For the Rest of the Song
I understand that following the instructions above is confusing, and remembering all the patterns while keeping in mind all the rapid chord changes may seem like a difficult task.
This way of explanation is for you to get a grip on the fundamentals of the song, and you can always play your own renditions of it whether you are playing for yourself or in front of a crowd.
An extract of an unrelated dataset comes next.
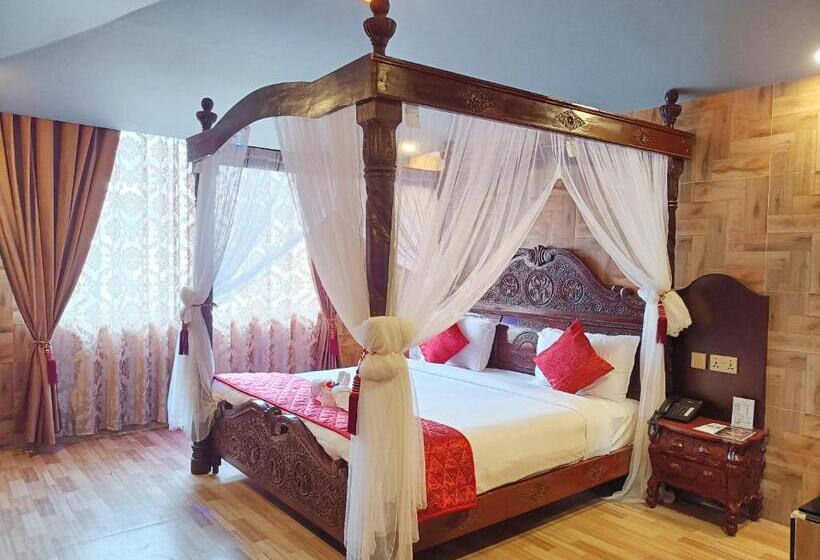 Люкс Кровать Кинг, Hyders Park  The Luxury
Writing all the lines down beat by the beat will make it difficult for you to follow. Once you have got the basics down, you can further learn the chords and strumming patterns of the song.
Other Similar Songs
All things you are is a classic jazz tune. Many guitarists learn this song in the early stages of their guitar careers. If you are interested in the jazz genre of music and want to learn more songs of the same type, here is a list for you to refer to
|Crazy He Calls Me||Billie Holiday|
|My Funny Valentine||Chet Baker|
|Stormy Weather||Ella Fitzgerald|
Q. How Do I Master Jazz Chords Quickly?
The key to attaining mastery over chords is practice. If you put in enough time practicing daily, jazz chords will not be a problem for you at all.
Secondly, the jazz chords look harder than they actually are. Only the names are long and complicated. The actual chords are easy to hold and play. Try it out for yourself!
Q. What Guitar Is Best for Playing Jazz and Blues?
There is no specific guitar for each genre of music. All guitar types are capable of playing all kinds of music. However, if you are looking for a signature blues guitar tone, the Fender Telecaster is a good choice to go for.
Playing jazz on the guitar has its own special feeling. The music uplifts you and takes you to another world. Knowing how to play jazz tunes, especially ones that are mainstream and easily recognized by listeners, is a skill that proves to be highly beneficial, especially for guitarists looking to make a living out of music.